# 50 gallon stocking



## shane3fan (Sep 5, 2009)

Working on a 50 gallon tank--Ive discussed it before, still no real set plan as for stocking though.

Tank parameters ; planted tank ( crypts, blyxa, anubia, dwarf swords ), soft acidic water ( one drop in hardness tester kits, 6.5-6.8 pH--these readings are from my current tanks ) black gravel and black sand, Fluval 405 canister filter, 84w T5 plant lamps, 78-80* water temp.

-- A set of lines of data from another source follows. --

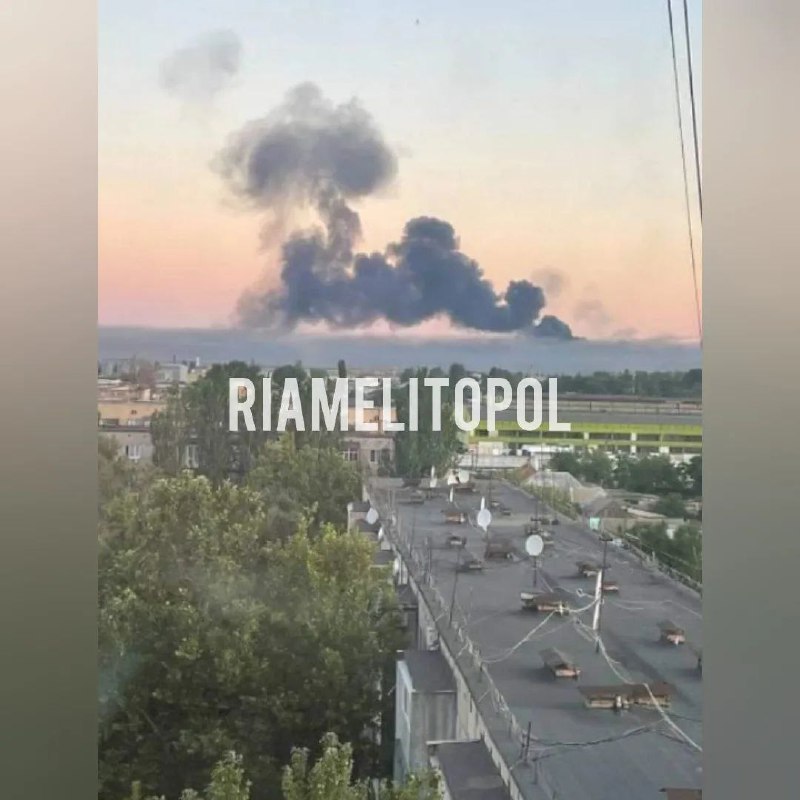 Incendi sobre la base aèria de Melitopol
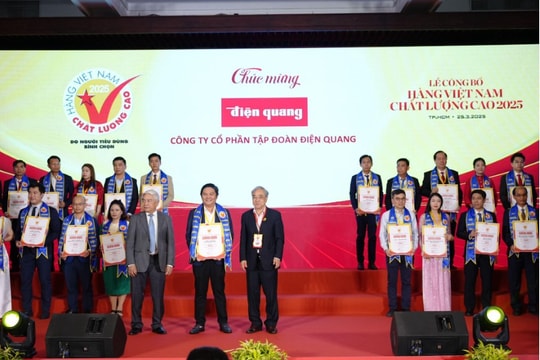 Lần thứ 29 Điện Quang được vinh danh “Hàng Việt Nam chất lượng cao”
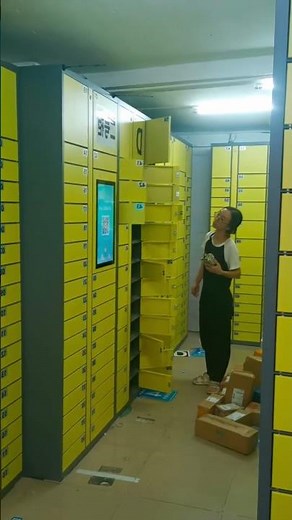 🔐 Automatic Multi-Compartment Locker System Used in Supermarkets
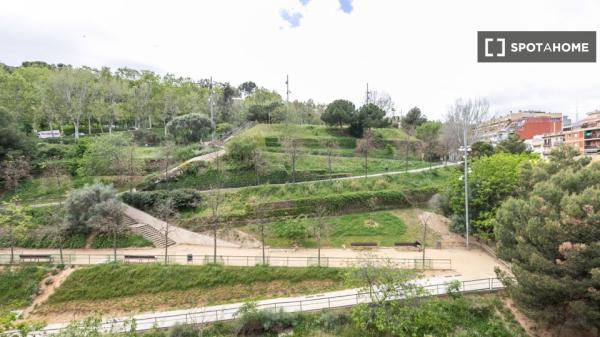 Piso moderno con vistas exteriores en Sants-Montjuïc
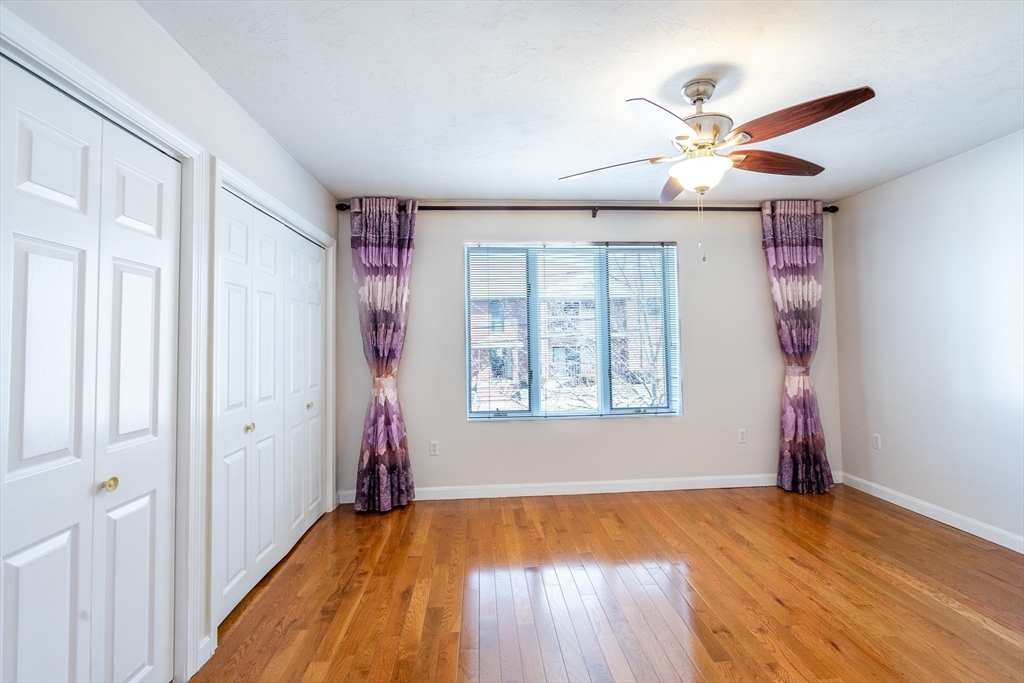 53 S Walnut St # 3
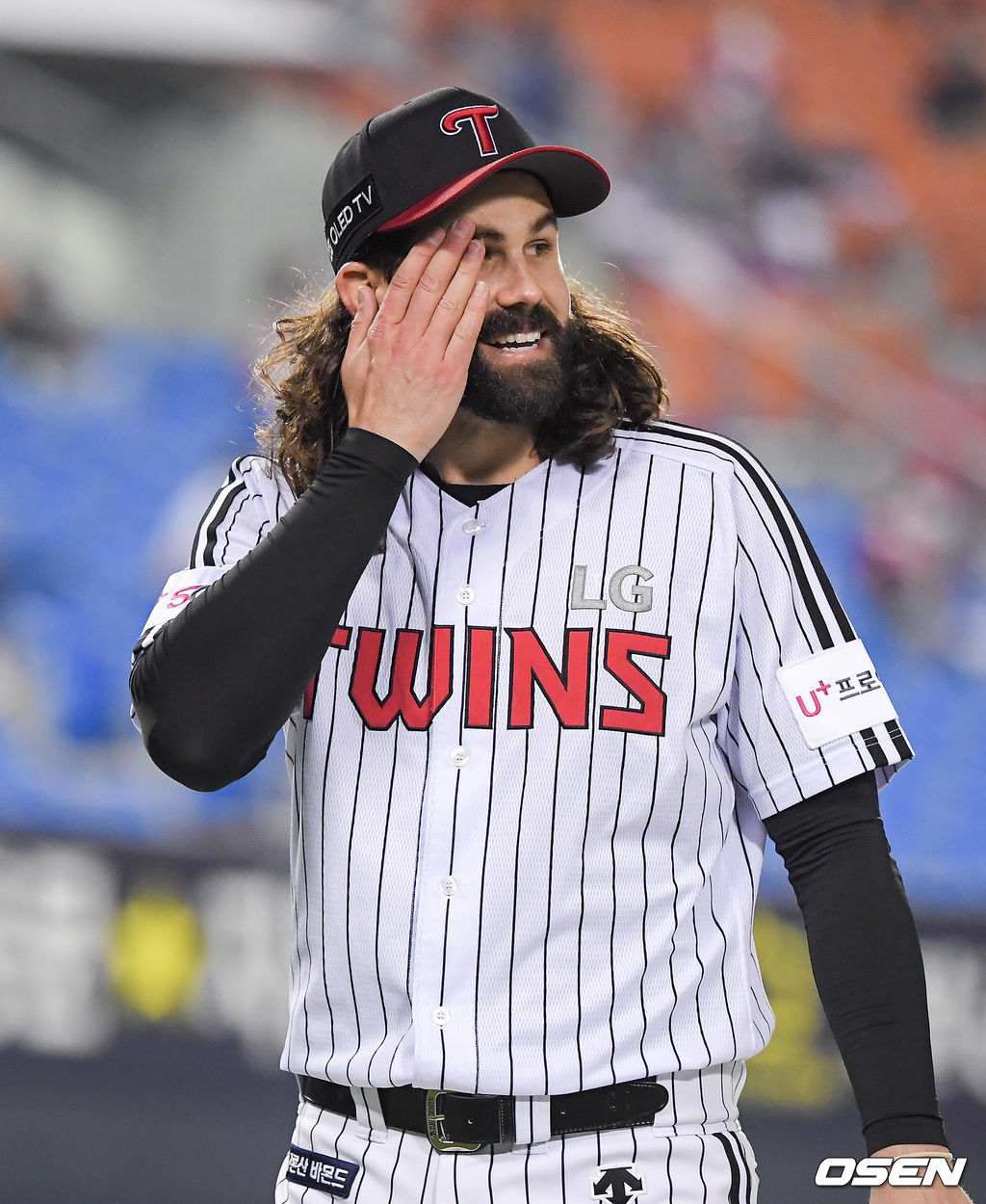 6회초 무사 만루위기에서 1실점으로 키움 공격을 막은 LG 선발투수 켈리가 미소 지으며 더그아웃으로 들어가고 있다.  21.05.28 / soul1014@osen.co.kr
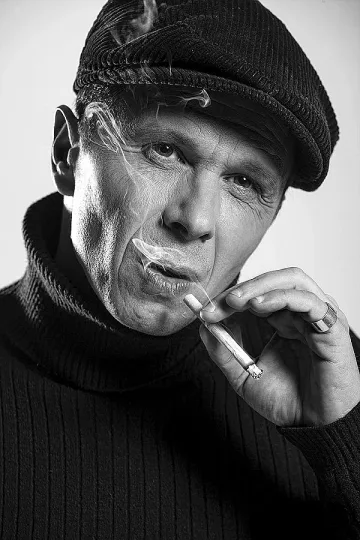 Малкия Близнак става комунист 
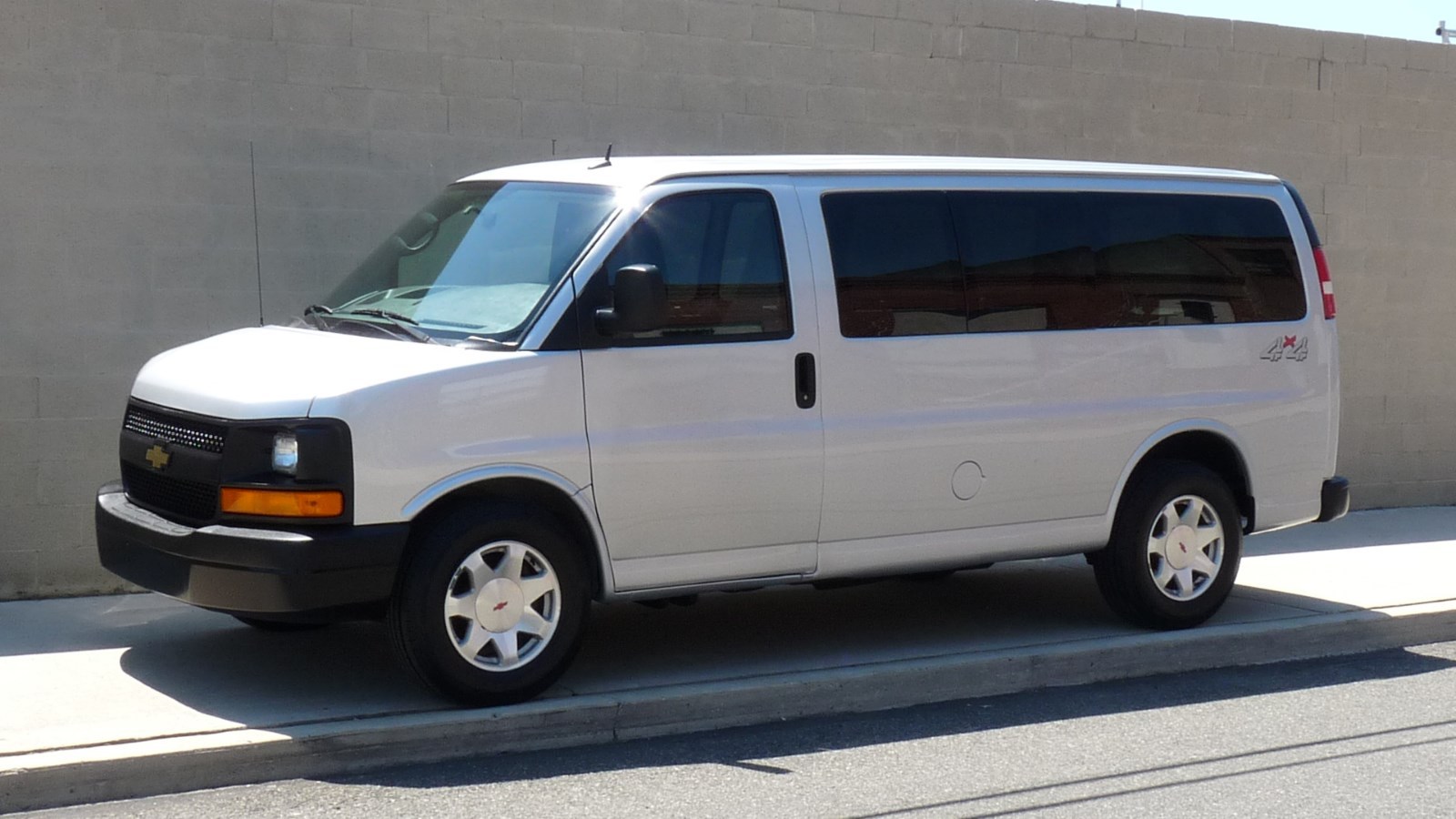 Used Suv Under 10000 >> 2014 Chevy Express Ls 1500 Awd All-wheel-drive. Full Size ... Used Suv Under 10000 >> 2014 Chevy Express Ls 1500 Awd All-wheel-drive. Full Size ...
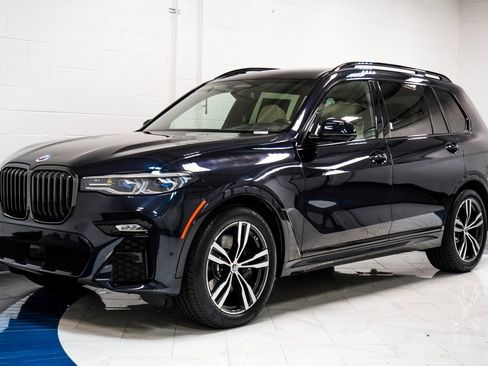 Used 2022 BMW X7 M50i w/ Dynamic Handling Package image 4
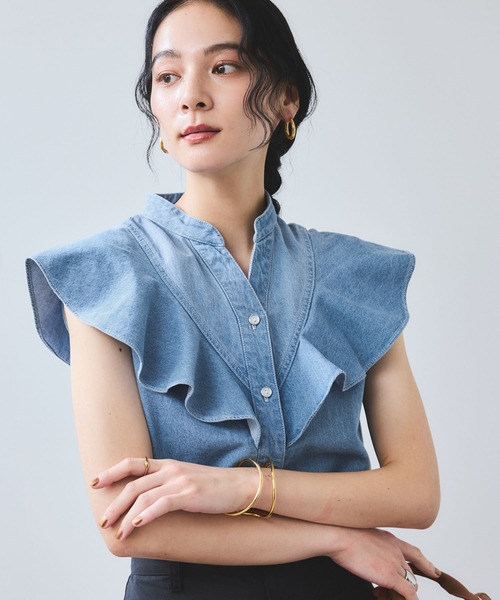 VIS(ビス)の「【UVケア/洗える】ラッフルデザインデニムブラウス(シャツ/ブラウス・レディース・サックスブルー/ブルー系その他4・FREE)」の2枚目の写真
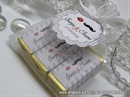 wedding chocolate bars with personalized wrappers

Inhabitants ; the only thing I KNOW for sure will be in there is a Rainbow Shark ( adult male-not super agressive at this point ) some Nerite snails, _maybe_ some Otos and approx 10 Julii Corydoras. I was thinking of putting a school of assorted versions of Tiger Barbs ( 10-15 of them? ) but not sure I want to deal with their agression issues. I had also considered Odessa Barbs, but they require cooler water. What I am looking for is a hardy schooling fish that will be happy in my water, be pretty to look at and wont be intimidated by my Rainbow Shark. So far, the Tiger Barb seems to be the only fish that really fits that description. I had pictured several standard Tigers, a couple of Albino Tigers and a few Green Tigers. I thought that would make a cool mix and still have them school together ( as much as Tigers will school anyway. )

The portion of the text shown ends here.